**ENTRIES SHOWN**
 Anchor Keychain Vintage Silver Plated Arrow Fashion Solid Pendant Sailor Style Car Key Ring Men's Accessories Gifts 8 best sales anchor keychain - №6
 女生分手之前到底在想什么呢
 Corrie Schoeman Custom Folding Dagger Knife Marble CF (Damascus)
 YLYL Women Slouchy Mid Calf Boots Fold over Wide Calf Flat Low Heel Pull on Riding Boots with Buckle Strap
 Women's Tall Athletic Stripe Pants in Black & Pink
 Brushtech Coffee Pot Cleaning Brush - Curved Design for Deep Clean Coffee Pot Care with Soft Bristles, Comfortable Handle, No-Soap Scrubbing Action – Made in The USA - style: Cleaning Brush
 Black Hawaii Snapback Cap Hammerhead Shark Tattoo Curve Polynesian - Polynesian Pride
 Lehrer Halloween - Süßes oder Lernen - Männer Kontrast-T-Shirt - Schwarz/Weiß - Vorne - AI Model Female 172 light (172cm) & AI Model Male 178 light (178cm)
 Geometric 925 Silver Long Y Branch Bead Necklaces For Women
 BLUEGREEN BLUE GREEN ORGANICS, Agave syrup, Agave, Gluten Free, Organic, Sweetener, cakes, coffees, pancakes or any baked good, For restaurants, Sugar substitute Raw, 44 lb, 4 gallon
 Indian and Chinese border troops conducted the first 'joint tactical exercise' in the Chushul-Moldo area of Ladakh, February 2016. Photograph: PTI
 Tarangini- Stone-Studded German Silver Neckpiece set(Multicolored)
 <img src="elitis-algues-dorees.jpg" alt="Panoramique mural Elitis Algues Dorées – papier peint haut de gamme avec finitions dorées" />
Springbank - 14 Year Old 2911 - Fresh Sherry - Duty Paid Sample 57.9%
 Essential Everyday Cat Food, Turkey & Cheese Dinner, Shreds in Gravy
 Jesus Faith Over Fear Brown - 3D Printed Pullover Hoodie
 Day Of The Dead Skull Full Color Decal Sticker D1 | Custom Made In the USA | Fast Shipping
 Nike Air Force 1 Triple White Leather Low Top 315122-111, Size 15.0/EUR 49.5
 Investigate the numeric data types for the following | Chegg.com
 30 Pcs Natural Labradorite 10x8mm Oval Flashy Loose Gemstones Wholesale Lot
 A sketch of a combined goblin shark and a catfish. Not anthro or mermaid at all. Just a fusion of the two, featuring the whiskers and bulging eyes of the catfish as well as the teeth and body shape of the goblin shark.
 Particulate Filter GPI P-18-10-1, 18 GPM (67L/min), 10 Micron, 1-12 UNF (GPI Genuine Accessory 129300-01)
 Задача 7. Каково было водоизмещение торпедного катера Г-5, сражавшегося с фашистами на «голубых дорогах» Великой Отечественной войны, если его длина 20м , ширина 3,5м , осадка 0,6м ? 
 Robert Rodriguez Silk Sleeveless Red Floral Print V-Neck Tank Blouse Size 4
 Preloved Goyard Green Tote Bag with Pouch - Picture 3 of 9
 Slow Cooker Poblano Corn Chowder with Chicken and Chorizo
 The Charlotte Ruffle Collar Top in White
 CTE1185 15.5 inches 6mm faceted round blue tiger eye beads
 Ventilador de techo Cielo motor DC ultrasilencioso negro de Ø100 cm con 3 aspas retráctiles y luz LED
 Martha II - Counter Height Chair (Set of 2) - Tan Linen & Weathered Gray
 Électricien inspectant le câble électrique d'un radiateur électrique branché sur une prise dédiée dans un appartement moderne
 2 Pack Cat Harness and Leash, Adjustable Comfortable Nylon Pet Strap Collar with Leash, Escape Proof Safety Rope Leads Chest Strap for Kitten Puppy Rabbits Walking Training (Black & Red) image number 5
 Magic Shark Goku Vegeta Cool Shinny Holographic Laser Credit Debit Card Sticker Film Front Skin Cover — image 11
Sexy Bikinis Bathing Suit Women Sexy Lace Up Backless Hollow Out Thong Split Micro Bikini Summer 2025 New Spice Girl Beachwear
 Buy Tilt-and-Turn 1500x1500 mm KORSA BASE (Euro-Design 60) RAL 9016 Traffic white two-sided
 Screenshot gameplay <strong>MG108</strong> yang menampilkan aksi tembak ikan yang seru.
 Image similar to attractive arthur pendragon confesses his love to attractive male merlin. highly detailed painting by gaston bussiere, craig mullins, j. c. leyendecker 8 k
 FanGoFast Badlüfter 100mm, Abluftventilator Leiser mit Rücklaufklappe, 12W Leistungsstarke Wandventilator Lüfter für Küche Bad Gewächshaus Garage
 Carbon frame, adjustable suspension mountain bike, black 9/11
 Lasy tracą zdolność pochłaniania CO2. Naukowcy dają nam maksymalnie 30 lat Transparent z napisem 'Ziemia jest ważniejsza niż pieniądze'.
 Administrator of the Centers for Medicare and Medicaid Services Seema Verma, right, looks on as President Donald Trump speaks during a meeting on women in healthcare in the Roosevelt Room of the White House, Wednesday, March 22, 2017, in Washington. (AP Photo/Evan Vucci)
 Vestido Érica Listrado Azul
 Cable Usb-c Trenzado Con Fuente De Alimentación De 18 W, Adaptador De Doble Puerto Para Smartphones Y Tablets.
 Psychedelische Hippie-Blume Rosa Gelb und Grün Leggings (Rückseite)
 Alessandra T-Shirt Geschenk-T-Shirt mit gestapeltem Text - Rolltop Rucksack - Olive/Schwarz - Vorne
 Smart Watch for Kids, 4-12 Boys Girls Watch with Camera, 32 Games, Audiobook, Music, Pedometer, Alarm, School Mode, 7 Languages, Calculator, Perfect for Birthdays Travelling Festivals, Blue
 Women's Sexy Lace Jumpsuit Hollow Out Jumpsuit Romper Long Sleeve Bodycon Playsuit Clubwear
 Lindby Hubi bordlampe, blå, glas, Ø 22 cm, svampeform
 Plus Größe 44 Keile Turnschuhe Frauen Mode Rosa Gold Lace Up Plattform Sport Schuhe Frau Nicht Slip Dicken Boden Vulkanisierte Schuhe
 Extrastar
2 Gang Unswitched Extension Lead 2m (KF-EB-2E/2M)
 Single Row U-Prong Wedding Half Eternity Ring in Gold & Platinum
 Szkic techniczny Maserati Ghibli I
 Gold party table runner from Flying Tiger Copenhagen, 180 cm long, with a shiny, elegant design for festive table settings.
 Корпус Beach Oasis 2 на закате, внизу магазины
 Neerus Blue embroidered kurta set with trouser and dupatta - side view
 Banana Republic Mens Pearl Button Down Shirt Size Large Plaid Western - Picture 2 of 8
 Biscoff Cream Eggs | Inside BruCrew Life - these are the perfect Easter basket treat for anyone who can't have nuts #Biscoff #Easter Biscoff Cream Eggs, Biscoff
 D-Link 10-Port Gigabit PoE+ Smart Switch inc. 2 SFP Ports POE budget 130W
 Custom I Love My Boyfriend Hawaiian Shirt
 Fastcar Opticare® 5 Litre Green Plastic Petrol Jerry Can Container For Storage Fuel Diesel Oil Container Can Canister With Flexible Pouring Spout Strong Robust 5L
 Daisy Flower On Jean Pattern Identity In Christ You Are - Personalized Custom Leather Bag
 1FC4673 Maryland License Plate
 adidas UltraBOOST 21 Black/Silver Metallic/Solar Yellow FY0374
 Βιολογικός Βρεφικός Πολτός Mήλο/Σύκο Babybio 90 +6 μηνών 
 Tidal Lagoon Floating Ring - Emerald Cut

**WHAT IS REQUIRED**
Using the records above, gather all lines where the string "Sticker" is present.

**PROBLEM SOLUTION**
 Day Of The Dead Skull Full Color Decal Sticker D1 | Custom Made In the USA | Fast Shipping
 Magic Shark Goku Vegeta Cool Shinny Holographic Laser Credit Debit Card Sticker Film Front Skin Cover — image 11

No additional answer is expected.